=== Begin Enclosure ===
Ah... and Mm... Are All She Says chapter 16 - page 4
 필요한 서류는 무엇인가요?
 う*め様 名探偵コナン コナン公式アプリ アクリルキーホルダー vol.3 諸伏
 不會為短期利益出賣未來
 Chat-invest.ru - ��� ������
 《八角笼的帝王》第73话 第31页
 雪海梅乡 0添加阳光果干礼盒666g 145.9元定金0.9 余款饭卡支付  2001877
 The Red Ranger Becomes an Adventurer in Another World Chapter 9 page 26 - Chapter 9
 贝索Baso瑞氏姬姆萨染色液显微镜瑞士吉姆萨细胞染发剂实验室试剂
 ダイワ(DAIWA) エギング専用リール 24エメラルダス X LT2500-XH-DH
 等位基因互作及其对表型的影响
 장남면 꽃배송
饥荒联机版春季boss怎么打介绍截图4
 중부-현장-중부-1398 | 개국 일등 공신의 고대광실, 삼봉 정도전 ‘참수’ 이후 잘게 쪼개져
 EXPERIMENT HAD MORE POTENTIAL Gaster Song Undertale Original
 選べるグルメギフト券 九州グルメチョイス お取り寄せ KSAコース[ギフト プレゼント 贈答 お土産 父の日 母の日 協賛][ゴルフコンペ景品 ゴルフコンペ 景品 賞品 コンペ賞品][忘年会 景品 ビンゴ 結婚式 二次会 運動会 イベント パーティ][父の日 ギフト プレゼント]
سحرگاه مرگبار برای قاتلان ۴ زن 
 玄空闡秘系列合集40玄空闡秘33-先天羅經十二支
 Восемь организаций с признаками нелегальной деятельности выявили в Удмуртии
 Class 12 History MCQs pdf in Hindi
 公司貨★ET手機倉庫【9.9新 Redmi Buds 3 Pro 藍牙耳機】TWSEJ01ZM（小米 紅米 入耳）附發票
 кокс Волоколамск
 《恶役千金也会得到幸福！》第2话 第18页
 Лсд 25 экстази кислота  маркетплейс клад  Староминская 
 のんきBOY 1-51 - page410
=== End Enclosure ===
Exercise directions:
Set down each entry from above once more, exactly as written.

Task answer:
Ah... and Mm... Are All She Says chapter 16 - page 4
 필요한 서류는 무엇인가요?
 う*め様 名探偵コナン コナン公式アプリ アクリルキーホルダー vol.3 諸伏
 不會為短期利益出賣未來
 Chat-invest.ru - ��� ������
 《八角笼的帝王》第73话 第31页
 雪海梅乡 0添加阳光果干礼盒666g 145.9元定金0.9 余款饭卡支付  2001877
 The Red Ranger Becomes an Adventurer in Another World Chapter 9 page 26 - Chapter 9
 贝索Baso瑞氏姬姆萨染色液显微镜瑞士吉姆萨细胞染发剂实验室试剂
 ダイワ(DAIWA) エギング専用リール 24エメラルダス X LT2500-XH-DH
 等位基因互作及其对表型的影响
 장남면 꽃배송
饥荒联机版春季boss怎么打介绍截图4
 중부-현장-중부-1398 | 개국 일등 공신의 고대광실, 삼봉 정도전 ‘참수’ 이후 잘게 쪼개져
 EXPERIMENT HAD MORE POTENTIAL Gaster Song Undertale Original
 選べるグルメギフト券 九州グルメチョイス お取り寄せ KSAコース[ギフト プレゼント 贈答 お土産 父の日 母の日 協賛][ゴルフコンペ景品 ゴルフコンペ 景品 賞品 コンペ賞品][忘年会 景品 ビンゴ 結婚式 二次会 運動会 イベント パーティ][父の日 ギフト プレゼント]
سحرگاه مرگبار برای قاتلان ۴ زن 
 玄空闡秘系列合集40玄空闡秘33-先天羅經十二支
 Восемь организаций с признаками нелегальной деятельности выявили в Удмуртии
 Class 12 History MCQs pdf in Hindi
 公司貨★ET手機倉庫【9.9新 Redmi Buds 3 Pro 藍牙耳機】TWSEJ01ZM（小米 紅米 入耳）附發票
 кокс Волоколамск
 《恶役千金也会得到幸福！》第2话 第18页
 Лсд 25 экстази кислота  маркетплейс клад  Староминская 
 のんきBOY 1-51 - page410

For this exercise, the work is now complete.